**** MATERIAL FOR THIS EXERCISE

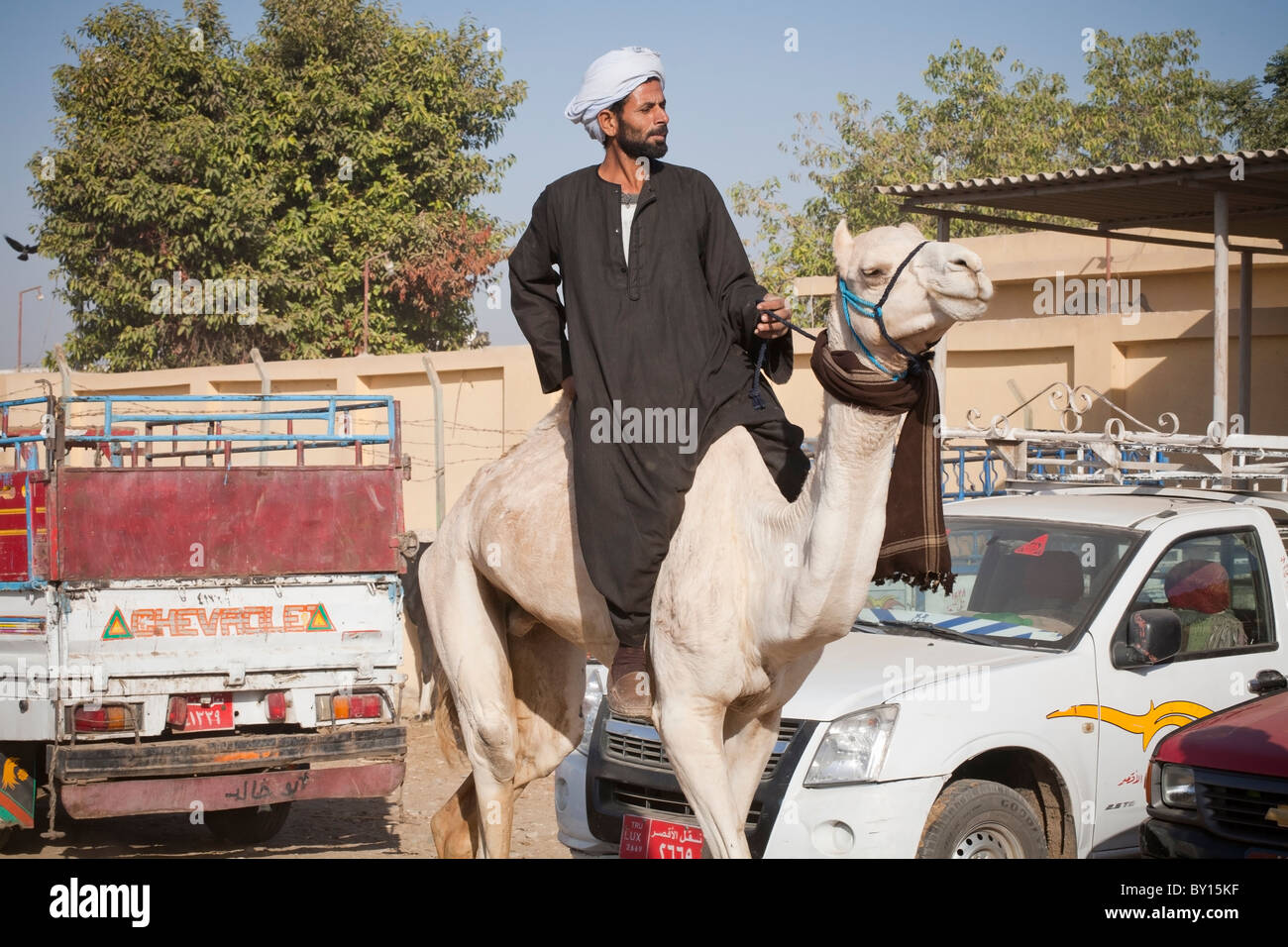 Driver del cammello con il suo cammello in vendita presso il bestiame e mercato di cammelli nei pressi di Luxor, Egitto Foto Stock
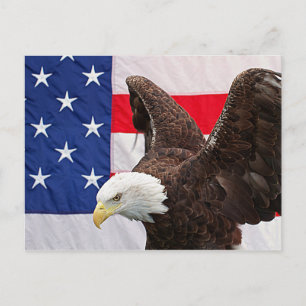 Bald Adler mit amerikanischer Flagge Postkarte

********
**** MATERIAL FOR THIS EXERCISE

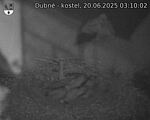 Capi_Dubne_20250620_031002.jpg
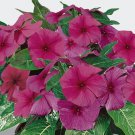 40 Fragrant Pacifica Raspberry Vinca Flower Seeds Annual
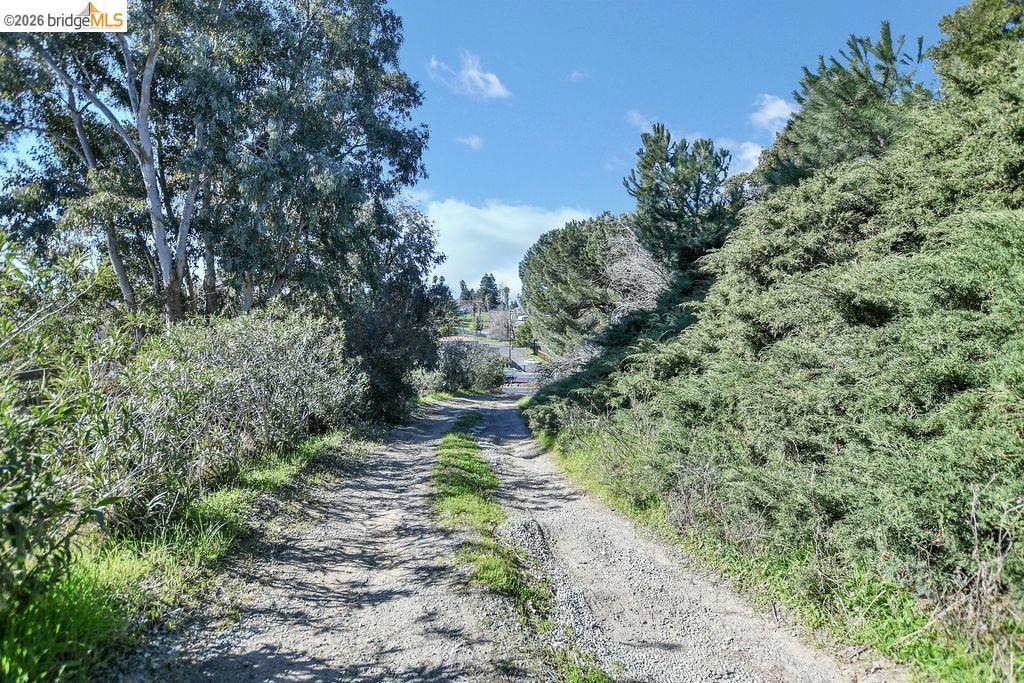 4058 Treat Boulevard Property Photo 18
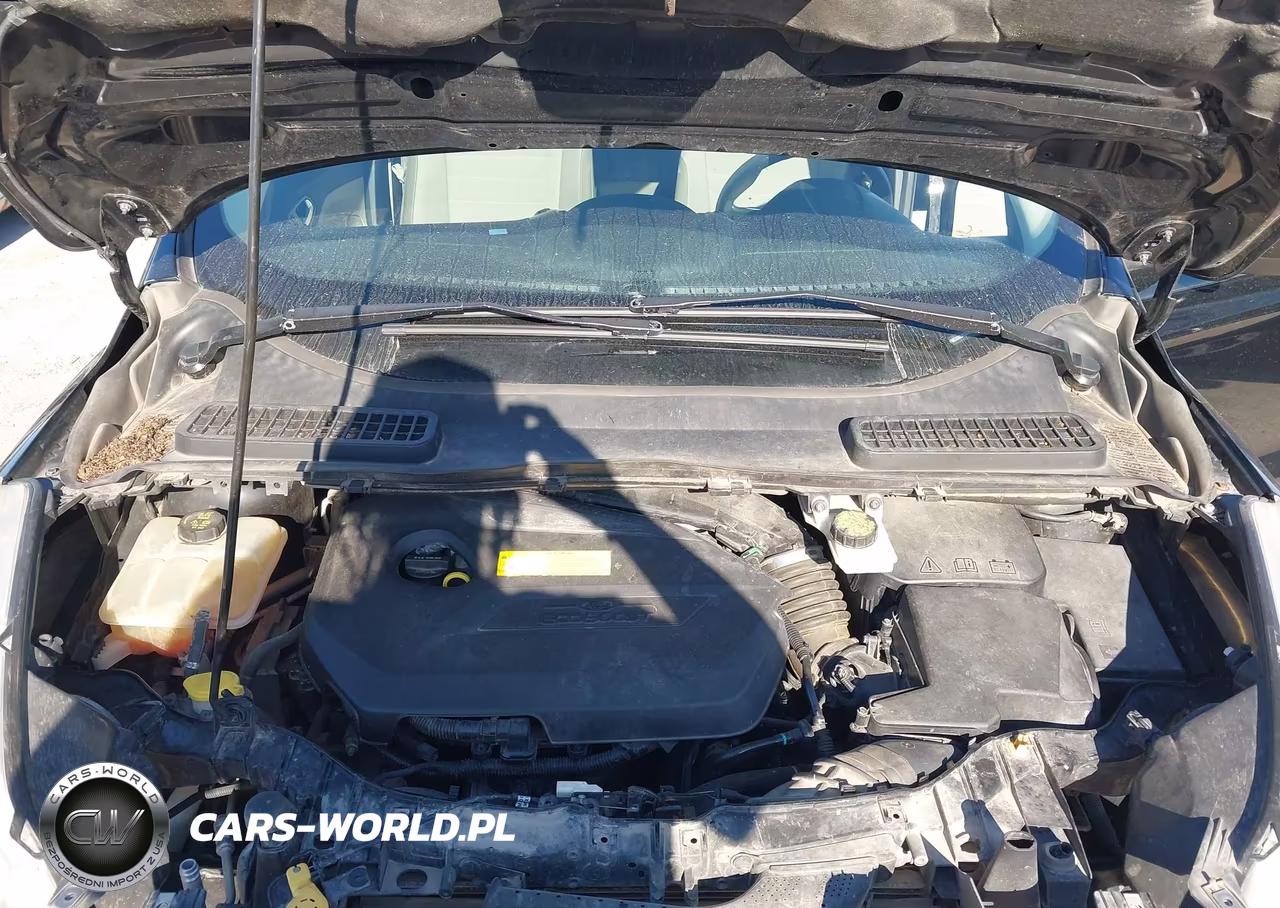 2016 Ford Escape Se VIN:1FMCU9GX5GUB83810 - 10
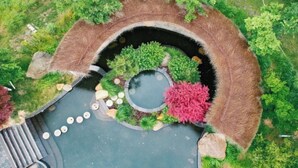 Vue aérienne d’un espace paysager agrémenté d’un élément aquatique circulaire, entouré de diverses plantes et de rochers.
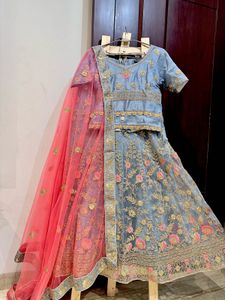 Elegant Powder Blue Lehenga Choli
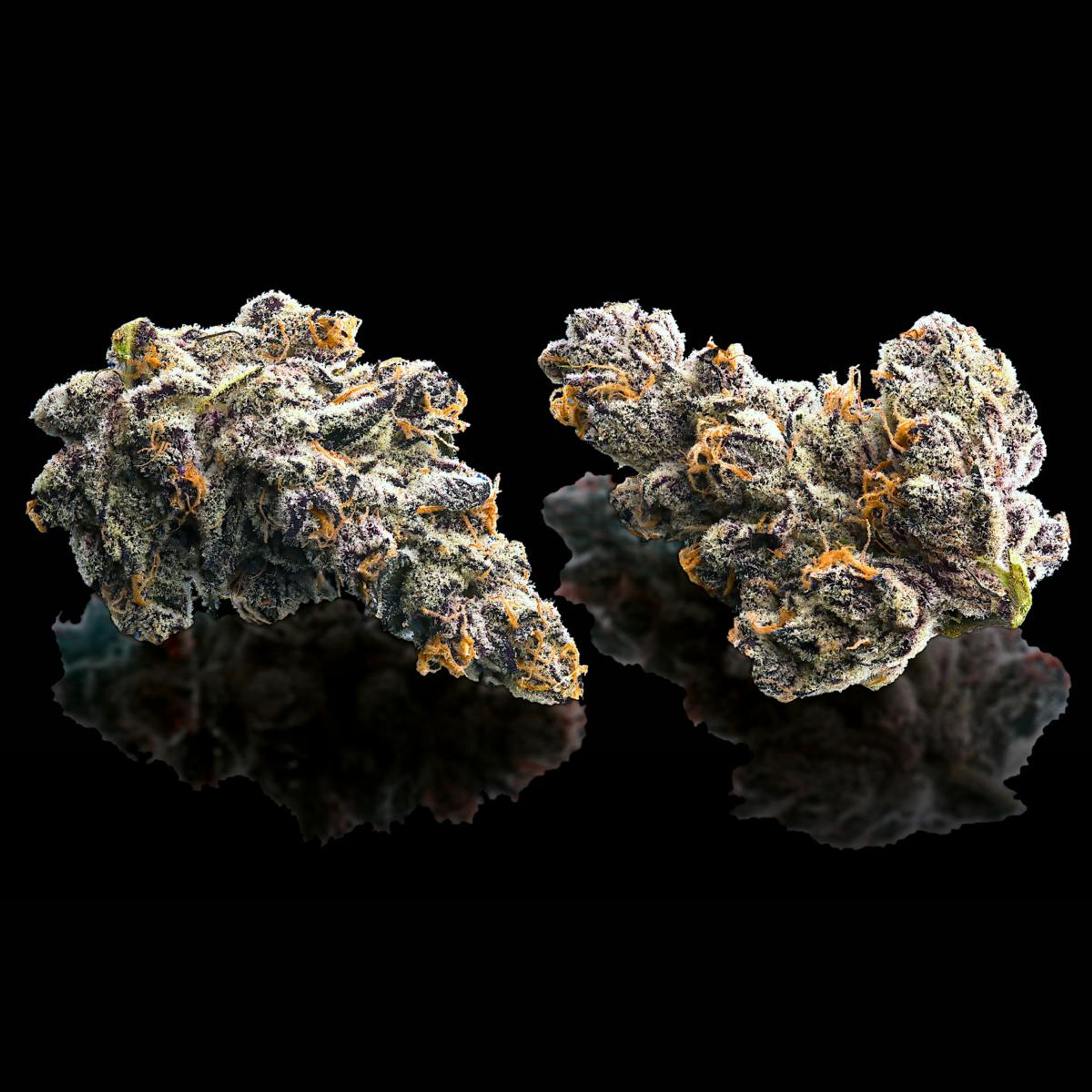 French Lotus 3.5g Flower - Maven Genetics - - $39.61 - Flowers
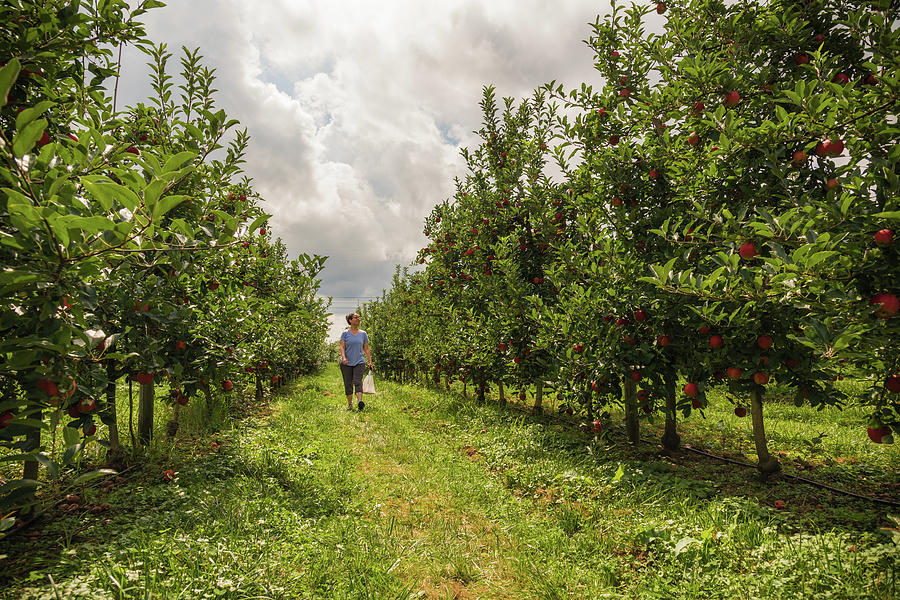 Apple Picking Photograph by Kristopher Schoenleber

********

### TO DO
The result should be an exact copy of only the lines above from the one that holds "Driver del cammello" through the one that holds "Bald Adler mit", both ends included, without pictures.

### REPLY TO THE EXERCISE
 Driver del cammello con il suo cammello in vendita presso il bestiame e mercato di cammelli nei pressi di Luxor, Egitto Foto Stock
 Bald Adler mit amerikanischer Flagge Postkarte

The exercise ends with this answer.